Baghdad: Three dead in Sadr City despite truce

Published May 12th, 2008 - 10:08 GMT

U.S. troops killed three Shiite gunmen who attacked them with small arms and rocket launchers in Baghdad's Shiite slum, despite a reported cease-fire, the U.S. military said Monday. The clashes broke out Sunday afternoon in Sadr City, marring the first day of a reported cease-fire between factions of Muqtada al-Sadr's political movement and the Iraqi government.

 

Nasar al-Rubaie, a Sadrist lawmaker, said talks on final touches to the agreement were still under way on Monday. According to the AP, Al-Rubaie said he could not comment on the latest clashes in Sadr City.

 

Fighting in Baghdad's Sadr City slum flared in late March after Prime Minister Nouri al-Maliki ordered a crackdown on armed Shiite factions in the southern port city of Basra.

 

Iraqi health officials on Monday said the latest clashes left two people dead and 25 hurt. On its part, the U.S. military said soldiers killed one militant early Monday, and two militants in separate clashes on Sunday.

 

The clashes erupted hours after U.S. military spokesman Rear Adm. Patrick Driscoll warned Sunday that a truce had not yet been brokered and that the Iraqi government and Shiite representatives were still talking.

 

Meanwhile, Iraqi police and army forces launched a crackdown in the southern city of Basra at dawn Monday to pursue suspected Shiite activists and seize weapons, said Maj.
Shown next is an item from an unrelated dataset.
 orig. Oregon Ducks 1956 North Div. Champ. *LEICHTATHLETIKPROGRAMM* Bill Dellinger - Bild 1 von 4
Gen. Mohammed Jawad Huwaidi, the security commander in Basra. About 10 suspects were detained and 62 machine guns and 20 rocket launchers were seized in overnight raids in Basra, Huwaidi conveyed.

 

One US soldier was killed in a roadside blast in northwestern Baghdad on Sunday night, but that was not in the Sadr City area, the US military said in a separate statement, cited by AFP.